Data excerpts below:

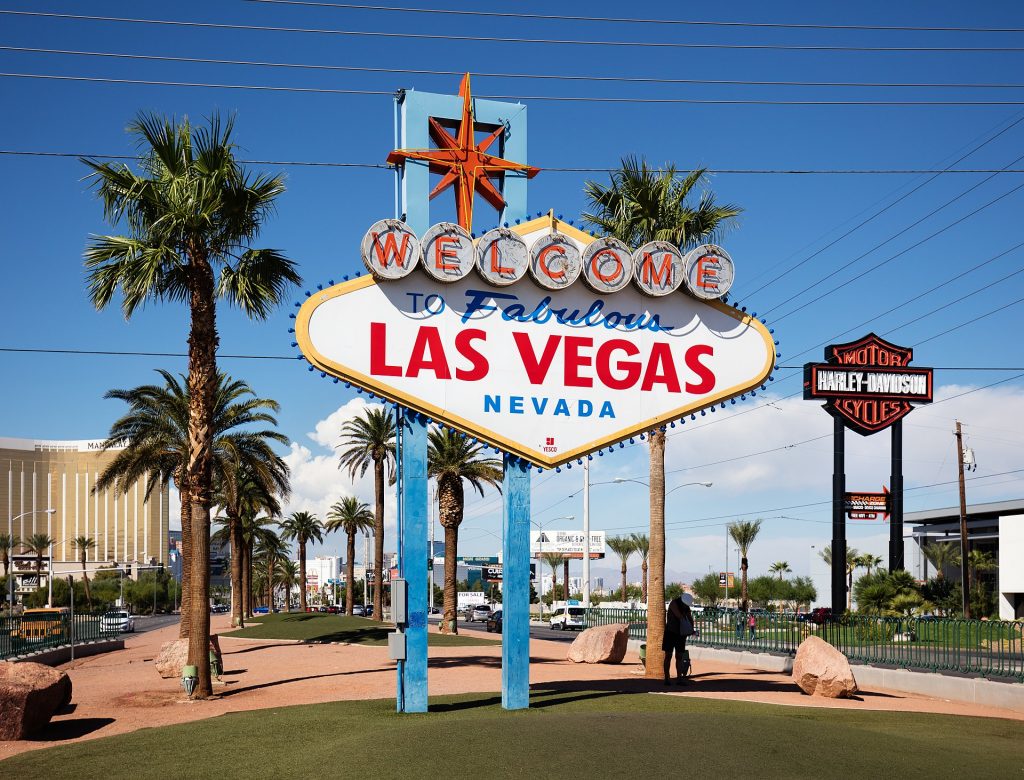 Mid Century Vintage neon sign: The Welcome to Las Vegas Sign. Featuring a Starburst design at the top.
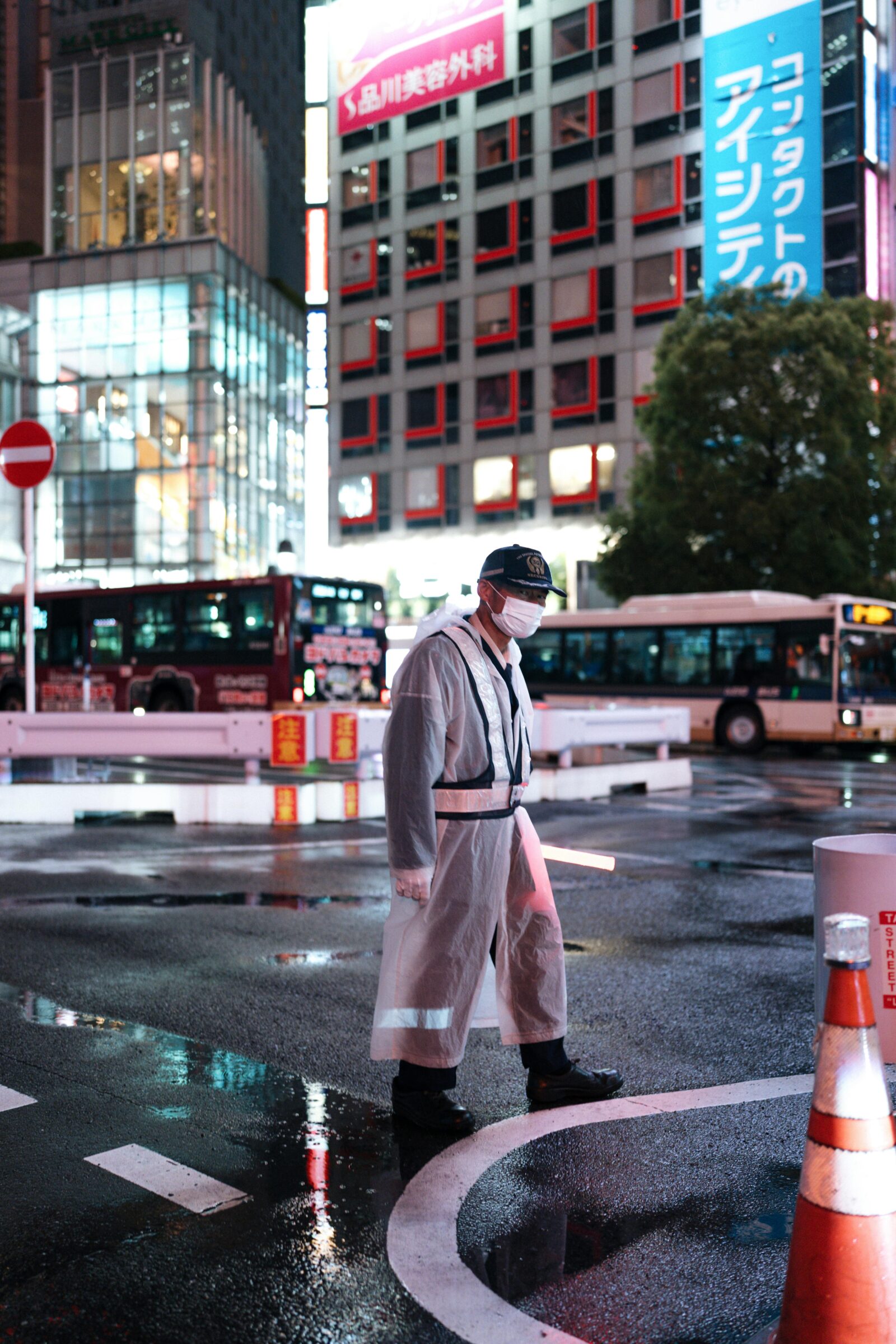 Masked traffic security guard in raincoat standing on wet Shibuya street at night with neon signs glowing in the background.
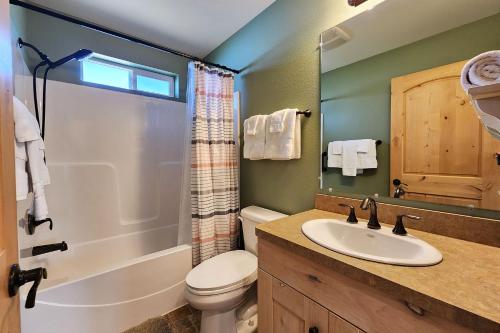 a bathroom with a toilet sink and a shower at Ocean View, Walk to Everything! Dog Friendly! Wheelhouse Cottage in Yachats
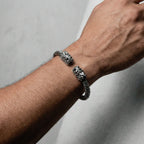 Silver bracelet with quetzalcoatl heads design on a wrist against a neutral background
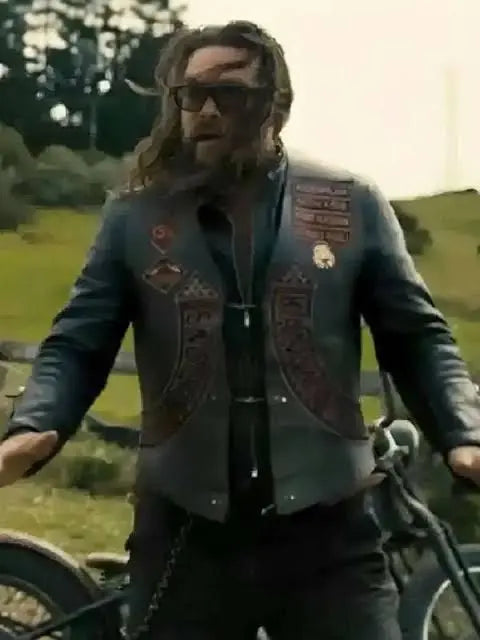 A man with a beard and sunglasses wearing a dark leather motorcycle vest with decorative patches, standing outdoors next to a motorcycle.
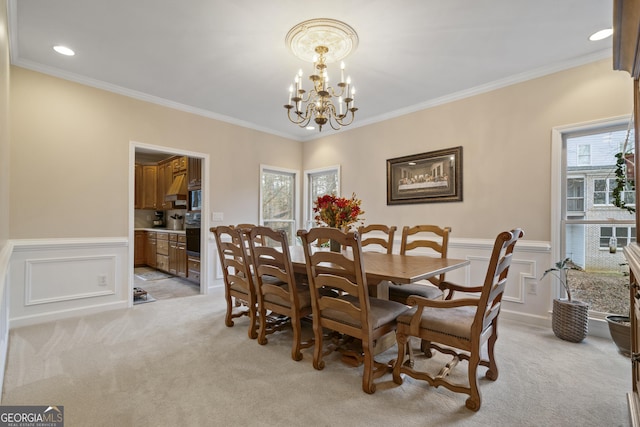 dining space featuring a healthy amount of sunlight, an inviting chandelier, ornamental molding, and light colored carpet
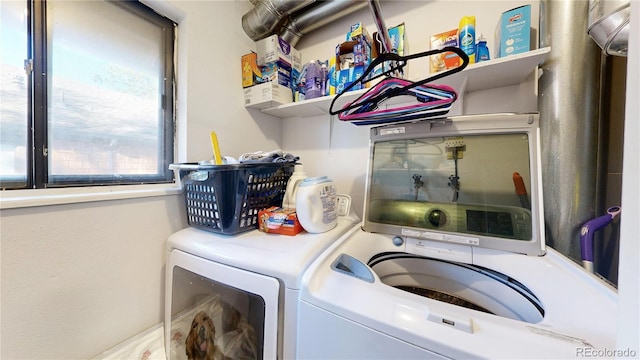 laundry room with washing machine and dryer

End of Data excerpts.

● **Task details**: Write out an exact copy of the listing, first line through the line containing "Masked traffic security", with the pictures left out.

● **Answer to this task**:
 Mid Century Vintage neon sign: The Welcome to Las Vegas Sign. Featuring a Starburst design at the top.
 Masked traffic security guard in raincoat standing on wet Shibuya street at night with neon signs glowing in the background.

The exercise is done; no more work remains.